Departed or missing parents
Paradise gives Xavier and his two kids an AWOL wife and mother. This Is Us held out as long as it could on the reveal of how and when patriarch Jack (Milo Ventimiglia) died, temporarily making Crock-Pots the most feared murder weapon in the United States. Plus, the premiere episode of Pitch, which Fogelman co-created with Rick Singer, ends with the surprise that Michael Beach’s Bill—the father who was such a motivation to MLB all-star Ginny (Kylie Bunbury)—has been dead for years.
“This missing parent [in Paradise] is a very complicated story that unravels through the course of the first season and into the second,” Fogelman says. “Perhaps it’s because I lost my mom young that I’m constantly writing stuff about missing parents. But that would require hundreds of dollars in therapy that I’m not I’m not going to do. I don’t sit down and go, ‘Shit. I don’t have a dead parent yet. I gotta find one.’ But maybe it’s something that’s internally fueling me at times.”
Dad rock
The musicologist in charge of the tunes for the planned community in Paradise has a certain taste: Starship’s “We Built This City” factors into an episode, some of President Cal’s final moments include a drunken rendition of Phil Collins’ “Another Day In Paradise,” and the leader’s CD collection includes Journey’s Escape. And Fogelman’s other works lean into the genre, too: This Is Us’ Jack is an avowed Bruce Springsteen fan, and Olivia Wilde’s Abby in Fogelman’s film Life Itself is such a Bob Dylan devotee that she wants to name her daughter Dylan.
“I always like a good scene with a nice ‘coffee house’ [vibe],” Fogelman explains of his musical choices. “The soundtrack of this show is a lot of ’80s and early-’90s songs that maybe make you smile…and we kind of reinterpret them. Some of them became more anthemic. Some of them became more singer-songwriter ballad versions. And it’s very much drawn from Cal’s love of music.”
Sports references
The first episode of Paradise is called “Wildcat Is Down,” with Cal’s Secret Service codename nodding to his years at the University of Kentucky. The show also includes an anecdote about Duke’s Christian Laettner, a rival college basketball player. And golf figures prominently in both Paradise and Crazy, Stupid, Love. (Steve Carrell’s character in that film is also named Cal.) What’s more, Pitch is about a female baseball player, and the family in This Is Us treats Pittsburgh Steelers games like religious experiences.

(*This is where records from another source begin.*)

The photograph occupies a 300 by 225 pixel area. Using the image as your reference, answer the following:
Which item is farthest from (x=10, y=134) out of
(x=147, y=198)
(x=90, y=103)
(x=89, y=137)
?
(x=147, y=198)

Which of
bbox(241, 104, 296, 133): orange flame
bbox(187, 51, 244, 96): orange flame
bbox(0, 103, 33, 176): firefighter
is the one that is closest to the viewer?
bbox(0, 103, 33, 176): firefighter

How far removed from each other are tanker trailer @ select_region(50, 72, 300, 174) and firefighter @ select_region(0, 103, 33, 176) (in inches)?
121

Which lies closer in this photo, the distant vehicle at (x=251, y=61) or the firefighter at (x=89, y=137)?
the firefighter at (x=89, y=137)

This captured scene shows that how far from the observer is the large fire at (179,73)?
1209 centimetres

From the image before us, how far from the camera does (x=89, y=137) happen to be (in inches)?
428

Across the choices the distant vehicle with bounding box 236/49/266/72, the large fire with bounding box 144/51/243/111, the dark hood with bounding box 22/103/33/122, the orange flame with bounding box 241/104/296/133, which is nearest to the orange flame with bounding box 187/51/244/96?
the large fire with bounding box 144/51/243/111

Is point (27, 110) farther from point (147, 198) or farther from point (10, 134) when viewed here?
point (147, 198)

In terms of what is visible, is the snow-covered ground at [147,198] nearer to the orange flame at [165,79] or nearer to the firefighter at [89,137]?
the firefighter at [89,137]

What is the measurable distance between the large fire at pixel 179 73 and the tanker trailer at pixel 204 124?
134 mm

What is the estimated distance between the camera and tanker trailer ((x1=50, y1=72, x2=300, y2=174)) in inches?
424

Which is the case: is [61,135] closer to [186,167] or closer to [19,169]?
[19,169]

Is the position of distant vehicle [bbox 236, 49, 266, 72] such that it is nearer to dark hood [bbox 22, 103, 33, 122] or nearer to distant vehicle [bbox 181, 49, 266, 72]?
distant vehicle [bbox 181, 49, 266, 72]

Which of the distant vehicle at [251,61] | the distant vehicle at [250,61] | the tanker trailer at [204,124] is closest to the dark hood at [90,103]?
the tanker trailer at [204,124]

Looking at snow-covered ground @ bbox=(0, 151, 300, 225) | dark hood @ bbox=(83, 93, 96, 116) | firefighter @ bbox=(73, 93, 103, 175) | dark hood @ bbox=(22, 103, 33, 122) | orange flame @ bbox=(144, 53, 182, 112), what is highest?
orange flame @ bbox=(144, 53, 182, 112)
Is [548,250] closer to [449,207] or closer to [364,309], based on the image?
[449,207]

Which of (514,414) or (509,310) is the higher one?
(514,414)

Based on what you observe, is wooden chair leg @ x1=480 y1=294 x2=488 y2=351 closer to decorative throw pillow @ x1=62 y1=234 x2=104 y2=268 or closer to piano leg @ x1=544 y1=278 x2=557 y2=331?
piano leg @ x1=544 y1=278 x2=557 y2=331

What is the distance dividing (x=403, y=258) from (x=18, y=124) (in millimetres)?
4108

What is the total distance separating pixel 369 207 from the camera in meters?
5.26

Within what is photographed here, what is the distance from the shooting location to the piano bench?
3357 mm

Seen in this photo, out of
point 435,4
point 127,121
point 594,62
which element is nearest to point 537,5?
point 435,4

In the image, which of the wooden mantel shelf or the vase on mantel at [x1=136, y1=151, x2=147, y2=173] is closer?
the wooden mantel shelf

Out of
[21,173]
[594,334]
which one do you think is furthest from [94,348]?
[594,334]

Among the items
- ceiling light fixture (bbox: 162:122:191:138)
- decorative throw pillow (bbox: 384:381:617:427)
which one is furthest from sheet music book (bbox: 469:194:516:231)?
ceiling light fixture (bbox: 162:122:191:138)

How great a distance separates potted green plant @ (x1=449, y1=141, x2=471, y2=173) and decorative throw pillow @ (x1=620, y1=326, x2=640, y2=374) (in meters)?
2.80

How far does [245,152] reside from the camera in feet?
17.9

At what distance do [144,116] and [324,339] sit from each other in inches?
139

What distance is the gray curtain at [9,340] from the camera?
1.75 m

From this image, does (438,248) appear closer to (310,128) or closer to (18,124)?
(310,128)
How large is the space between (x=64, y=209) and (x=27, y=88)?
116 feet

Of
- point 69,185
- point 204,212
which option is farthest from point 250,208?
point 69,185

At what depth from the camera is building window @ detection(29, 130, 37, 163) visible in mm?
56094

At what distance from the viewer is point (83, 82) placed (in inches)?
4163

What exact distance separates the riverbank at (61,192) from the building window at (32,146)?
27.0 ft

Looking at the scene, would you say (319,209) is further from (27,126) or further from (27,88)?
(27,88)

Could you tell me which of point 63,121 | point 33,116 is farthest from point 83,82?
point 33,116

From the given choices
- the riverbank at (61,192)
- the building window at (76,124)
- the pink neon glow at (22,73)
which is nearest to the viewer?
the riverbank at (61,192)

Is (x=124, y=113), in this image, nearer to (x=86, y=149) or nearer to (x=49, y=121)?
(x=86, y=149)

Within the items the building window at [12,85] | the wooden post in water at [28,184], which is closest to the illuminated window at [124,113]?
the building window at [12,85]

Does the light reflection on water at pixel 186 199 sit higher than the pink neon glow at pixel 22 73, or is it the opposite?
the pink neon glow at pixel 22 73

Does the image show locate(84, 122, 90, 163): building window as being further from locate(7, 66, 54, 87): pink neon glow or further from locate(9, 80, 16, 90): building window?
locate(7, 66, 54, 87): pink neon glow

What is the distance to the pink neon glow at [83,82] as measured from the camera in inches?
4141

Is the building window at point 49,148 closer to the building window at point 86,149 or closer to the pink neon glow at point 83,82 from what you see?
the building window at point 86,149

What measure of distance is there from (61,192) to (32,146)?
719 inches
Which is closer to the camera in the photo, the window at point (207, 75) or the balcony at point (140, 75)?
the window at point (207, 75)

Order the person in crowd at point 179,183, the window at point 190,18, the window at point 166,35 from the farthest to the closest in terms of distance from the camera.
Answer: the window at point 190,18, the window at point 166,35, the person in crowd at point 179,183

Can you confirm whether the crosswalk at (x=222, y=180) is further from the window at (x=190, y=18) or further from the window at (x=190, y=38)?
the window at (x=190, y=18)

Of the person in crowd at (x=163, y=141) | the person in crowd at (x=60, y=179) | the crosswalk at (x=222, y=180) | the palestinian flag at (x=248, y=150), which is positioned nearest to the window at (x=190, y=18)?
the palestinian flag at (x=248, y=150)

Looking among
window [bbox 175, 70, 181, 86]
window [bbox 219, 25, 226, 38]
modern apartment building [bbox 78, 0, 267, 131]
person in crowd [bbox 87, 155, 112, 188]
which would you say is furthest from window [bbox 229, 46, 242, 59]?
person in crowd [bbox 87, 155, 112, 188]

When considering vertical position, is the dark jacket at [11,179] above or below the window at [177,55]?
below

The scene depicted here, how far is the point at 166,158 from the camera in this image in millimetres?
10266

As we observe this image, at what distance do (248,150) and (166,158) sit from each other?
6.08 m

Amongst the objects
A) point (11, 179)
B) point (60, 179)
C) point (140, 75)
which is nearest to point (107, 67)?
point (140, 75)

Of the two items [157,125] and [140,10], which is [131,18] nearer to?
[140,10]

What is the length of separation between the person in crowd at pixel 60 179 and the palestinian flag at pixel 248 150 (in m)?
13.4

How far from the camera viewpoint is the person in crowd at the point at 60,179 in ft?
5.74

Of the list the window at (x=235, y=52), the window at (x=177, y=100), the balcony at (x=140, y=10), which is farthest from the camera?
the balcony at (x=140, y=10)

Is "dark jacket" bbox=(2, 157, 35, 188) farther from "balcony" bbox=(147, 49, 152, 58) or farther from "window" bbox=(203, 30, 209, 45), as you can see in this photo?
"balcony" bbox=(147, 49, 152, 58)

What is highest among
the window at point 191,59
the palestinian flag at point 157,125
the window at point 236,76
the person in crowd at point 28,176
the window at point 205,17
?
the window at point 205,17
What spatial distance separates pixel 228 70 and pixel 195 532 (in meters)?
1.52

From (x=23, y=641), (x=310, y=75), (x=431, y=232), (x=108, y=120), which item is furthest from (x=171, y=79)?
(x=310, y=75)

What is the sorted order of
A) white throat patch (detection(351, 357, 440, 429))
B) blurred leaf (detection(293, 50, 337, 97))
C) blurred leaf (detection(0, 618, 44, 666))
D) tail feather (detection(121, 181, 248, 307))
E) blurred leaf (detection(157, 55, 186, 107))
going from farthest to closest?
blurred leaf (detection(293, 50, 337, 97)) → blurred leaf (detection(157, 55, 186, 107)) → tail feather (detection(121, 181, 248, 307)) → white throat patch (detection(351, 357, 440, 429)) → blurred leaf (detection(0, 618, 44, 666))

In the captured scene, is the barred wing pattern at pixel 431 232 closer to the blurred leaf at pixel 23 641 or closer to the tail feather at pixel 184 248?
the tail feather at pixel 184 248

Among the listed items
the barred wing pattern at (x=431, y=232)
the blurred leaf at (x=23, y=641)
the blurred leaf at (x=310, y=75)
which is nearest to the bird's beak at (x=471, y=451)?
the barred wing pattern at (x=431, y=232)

“I’m a huge sports nut, so that’s where the sports references come from,” Fogelman explains. He says that, when he was developing Paradise, he debated whether he’d have to explain who Laettner is for those who are not such aficionados. People told him he did—and those of us who have never heard of the guy thank them for their services.
And the sporty tradition continues: Fogelman’s next project for Hulu is a family drama that takes place within the NFL. He jokes that he “should do a NFL show with a dead dad and dad music and that will check all the boxes.” That sounds cool—but maybe it could also be a musical?